Question: By what is the colloidal state regulated?
R.A.: It is regulated wonderfully by the intelligence of life energy. If the physical body were all solid or all liquid, there would be no life. So you see, you would have to start with the living matter that is in the colloidal state, which is more important than both solid and liquid; and so for other things. It is the intermediate states that are often more important than the extreme states. Life exists neither in the extreme cold nor in the extreme hot, but neither does it exist with a constantly completely equal temperature; in life there must be an alternation within certain limits of opposite polarities, and thus of cold and hot, of summer and winter. A millionaire who would always want to go where there is a continuous summer would be sick, it would be bad for his health, his body would not withstand a climate that is always the same.

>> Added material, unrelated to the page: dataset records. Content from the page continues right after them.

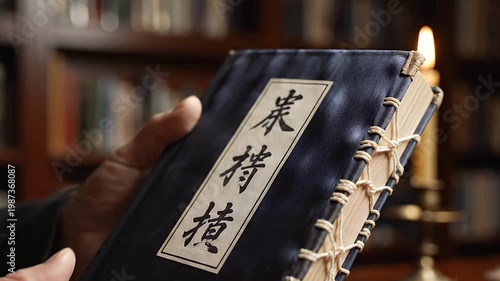 Close-up of Hands Holding Ancient Traditional Oriental Herbal Medicine Book
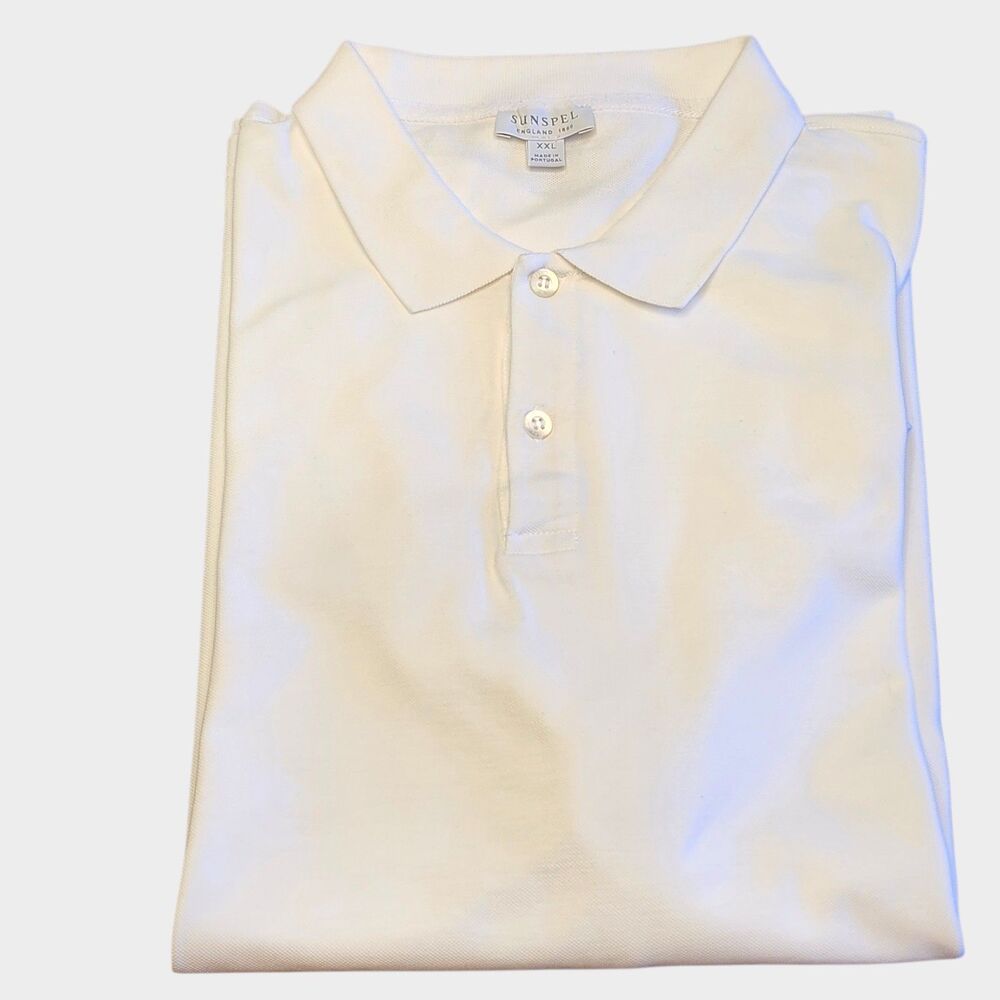 Sunspel Pique Polo Shirt Cotton Men's Size XXL White  *Read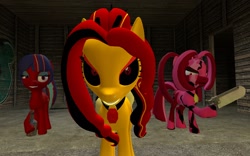 Size: 1440x900 | Tagged: safe, artist:rachidile, imported from derpibooru, adagio dazzle, aria blaze, sonata dusk, pony, elements of insanity, 3d, 3d model, equestria girls ponified, gmod, piria cakez, ponified, rodagio dazzsome, sonica douskan, the dazzlings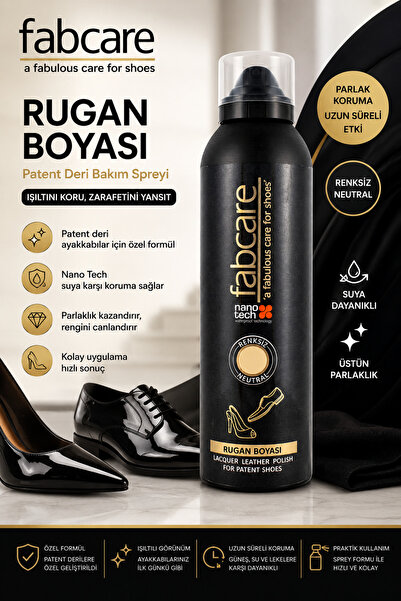 Fabcare Renksiz Rugan Ayakkabı Boyası Spreyi – Patent Deri Parlatıcı ve Koruy...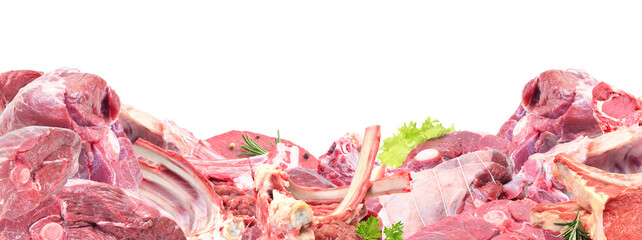 Meat lamb on a white background isolated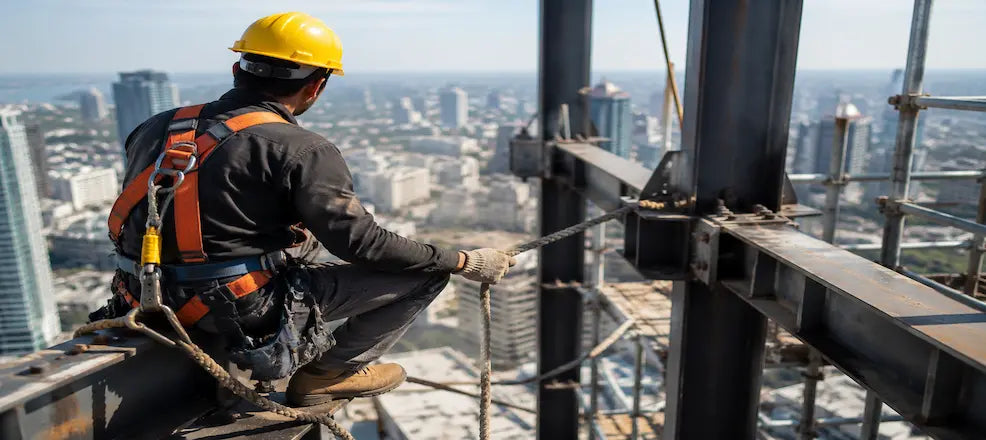 Worker using fall protection equipment on a high-rise construction site.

And now let’s take a more psychological and spiritual example: the word “love.” One uses the word love as if using the same word always indicates the same thing. Instead, it can be said that every time it is used, something different is meant. Meanwhile, already objectively and personally there are various levels of love. We talk about instinctive love, passionate love, sentimental love, romantic love; there is possessive love, love that attracts, love instead that pours out, that radiates; there is personal love, there is non-personal love, for example for an ideal; we also talk about the love of money, the love of glory; and there is spiritual love. So they are all types, different categories for which the same word love is always used.
So at the very least, you would have to put an adjective, and often you don’t. But this is but a first approximation. The fact is that none of these types of love is itself 100% pure, that is, in every feeling or feeling of love there is a percentage of various elements. So you cannot say “romantic love.” Yes, there is such a thing in the abstract, and you can talk about [the Romantic Era] as a historical period, but no one loves 100% romantically. You can say that movement prevailed then, but there were also the others in various proportions anyway. Not only that, but usually there is also relativity in time. A love can begin evidently at a given level, then go down to another, or go up, or oscillate between various levels — and this in the same person at various moments in time. So there is this relativity of nature, of proportion, and also according to moments, durations.

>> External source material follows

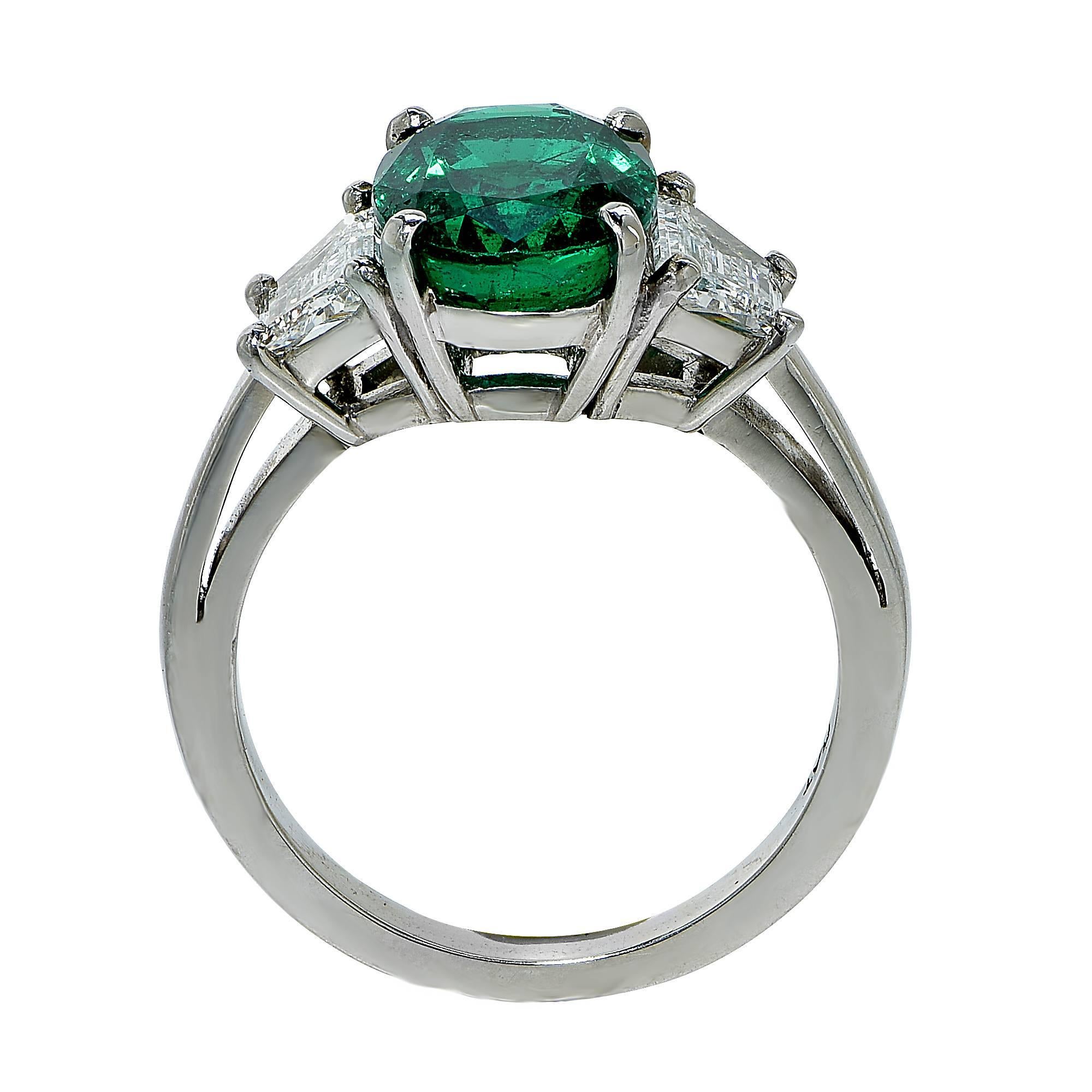 Oval Cut AGL Graded 2.75 Carat Emerald and Diamond Engagement Ring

And in general this is not realized, and therefore there is an amount of misunderstanding. The constant misunderstandings between those who love each other depend on this: that one uses a word in a given way and the other means it in another, and believes that the other feels what he believes. One would speak of a certain commedia verus,[4] but it is not a comedy but a drama, because it is a continuous misunderstanding. This note in human relationships is a continuous misunderstanding, and not only for love, but for so many other things. Take politics: it is a continuous misunderstanding because the same term is used in a different sense. The word democracy . . .
Part 3
Today I will speak first of all about the sources of communications that come to us. They are innumerable, beginning with the external world, but it is difficult to distinguish what is external from what is subtle, because they interpenetrate. However, from the levels of the physical plane including the etheric plane — the etheric subplanes —there are communications coming to us from the so-called external world, from the cosmos.[5]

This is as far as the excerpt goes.